Are you in Michigan? Here in California, we don't have it quite as bad. Still not equal, but at least we have domestic partnerships and sexual orientation is a protected class in this state. Wow, what can be done at this point, where does one start? There is much work to be done in this country. Let's just hope common sense and intelligence prevail in the struggle over keeping marriage equality in Mass. or doing away with it. Scary when we think, our rights are decided by people who vote but don't bother to truly research the issues, gain their own understanding and go with it.

Some hugs for you! {{{{{:love: :pray: :love: }}}}}

Zerbie
02-04-2007, 12:54 AM
Of course.

But the proponents of these amendments insist the amendments in no way deprive anyone of benefits. :mad:

Somehow, that amendment has to get overturned.


The one "good" side to this is that once more people learn the effects of these amendments, the more opposition the amendments will have in any state where they come up for a vote.

Oh, these amendments really really suck. That is just plain mean, to take away health care benefits when there's already a crisis of unaffordable health care in this country. How do those people live with themselves?

Tinkerbell047
02-04-2007, 02:05 PM
Wait... they took the benefits from BOTH homosexual and heterosexual couples? My God, I thought we were crazy as is for not allowing gay couples to get benefits! I have reached the conclusion that our government needs as much prayer as the guy sitting next to you.

Emproph
02-04-2007, 07:50 PM
The one "good" side to this is that once more people learn the effects of these amendments, the more opposition the amendments will have in any state where they come up for a vote.
That's what I was thinking. As human 'resources' begin to shift toward gay friendly states, it seems the economic impact on the anti-gay states will begin to snowball. It's unfortunate in the meantime but more ammunition for us in the future.

December 22, 2004 (http://kipesquire.blogspot.com/2004/12/markets-in-gay-rights-university-of.html):
"The absence of domestic partner benefits is really a serious recruiting issue for us," UW-Madison Provost Peter Spear told the Wisconsin State Journal. "We know of instances where we have lost outstanding candidates because of it."
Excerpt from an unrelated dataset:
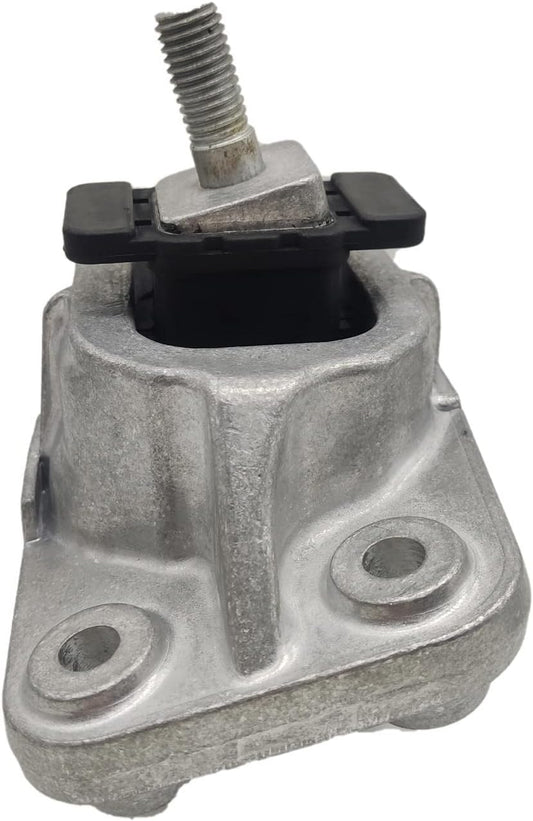 Engine Mount LR056882 Compatible With LAND ROVER DEFENDER Station Wagon (L663) DISCOVERY V (L462) RANGE ROVER SPORT II (L494)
April 4, 2005 (http://purplescarf.blogspot.com/2005/04/fk-em-bucky.html):
The recent experience of the University of Wisconsin, which lost two senior GBLT professors and a senior administrator to other institutions of higher learning that provide domestic partner benefits to same-sex couples, is an illustration of the future of states like Michigan, if social conservatives are successful in judicial efforts to leverage anti-marriage amendments into bans on domestic partner benefits.

Karen Ryker, Larry Wu and Christine Saulnier all left the University of Wisconsin system for other schools in recent years, each citing the state's policy to refuse health insurance coverage for domestic partners.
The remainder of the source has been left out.